WORK ITEM
Exactly the lines from the one containing "415 MAPLEWOOD CIR, Oldsmar, FL 34677" through the one containing "Lula afirma que" in the listing below are to be copied, with the pictures left out.

RECORDS SHOWN
########

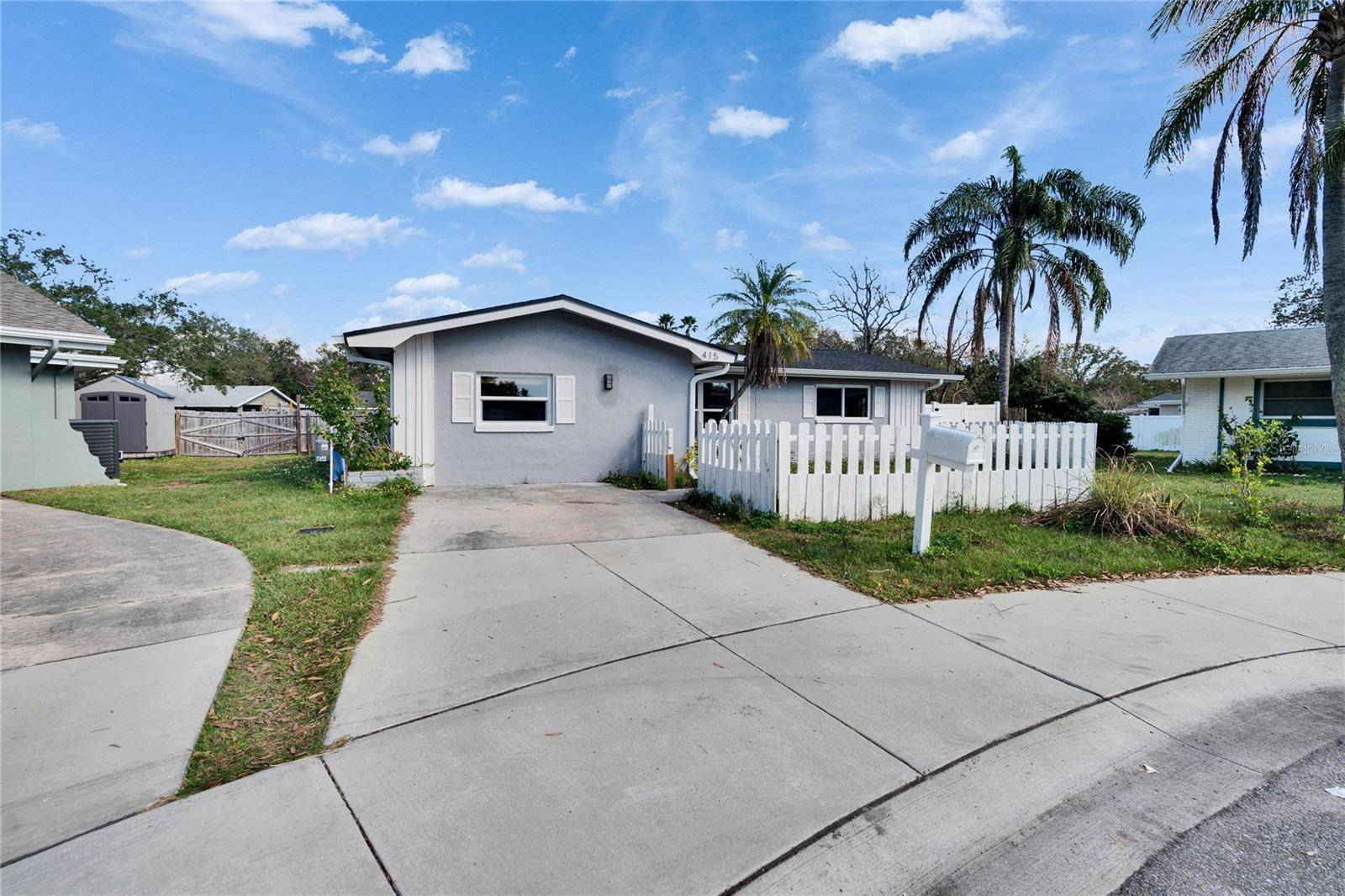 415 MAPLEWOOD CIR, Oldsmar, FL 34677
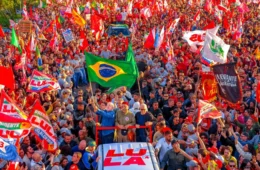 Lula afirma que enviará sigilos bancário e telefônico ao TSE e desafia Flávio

########

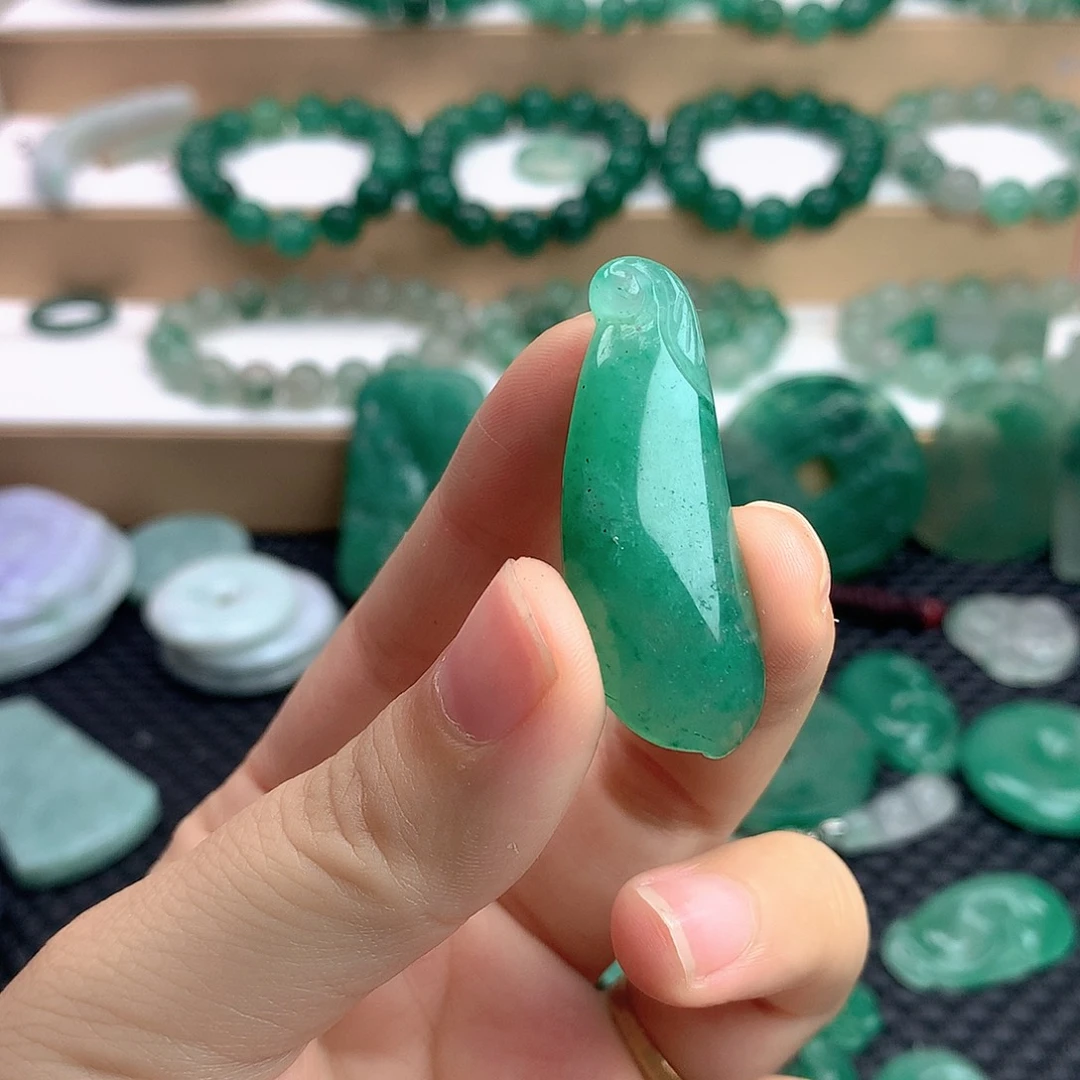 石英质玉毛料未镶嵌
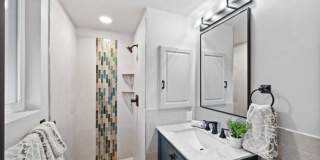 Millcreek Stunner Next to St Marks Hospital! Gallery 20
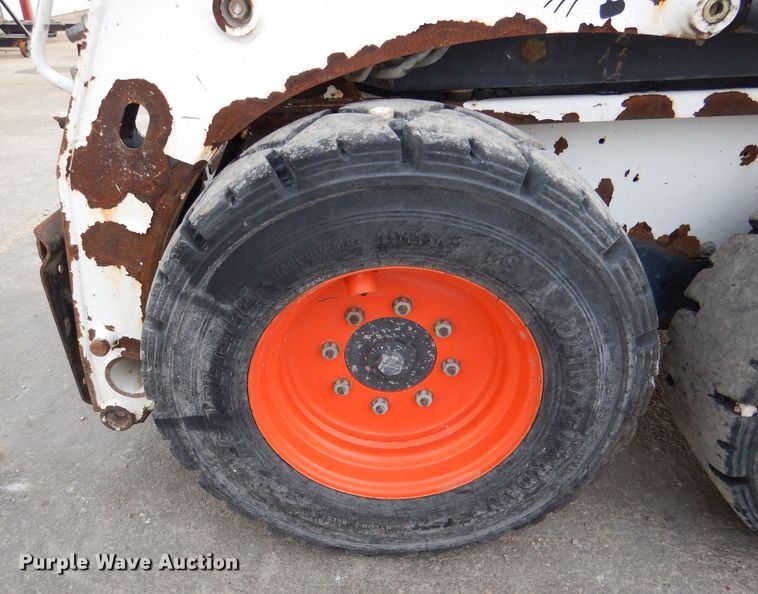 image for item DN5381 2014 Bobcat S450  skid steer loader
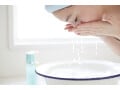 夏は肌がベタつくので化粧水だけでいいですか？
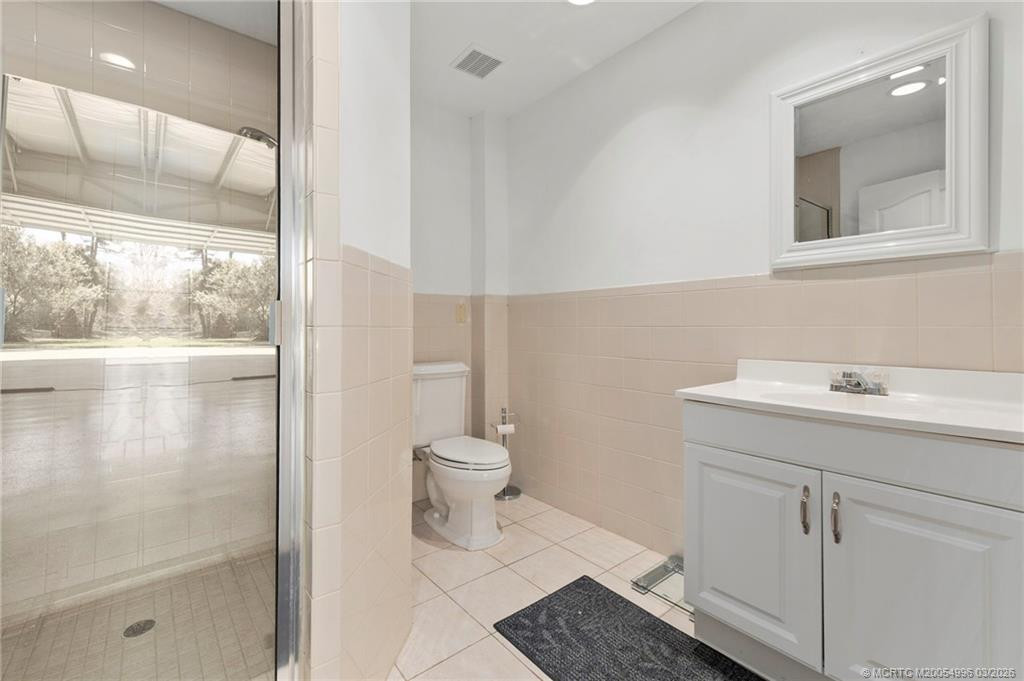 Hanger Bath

########

REPLY TO THE TASK
 415 MAPLEWOOD CIR, Oldsmar, FL 34677
 Lula afirma que enviará sigilos bancário e telefônico ao TSE e desafia Flávio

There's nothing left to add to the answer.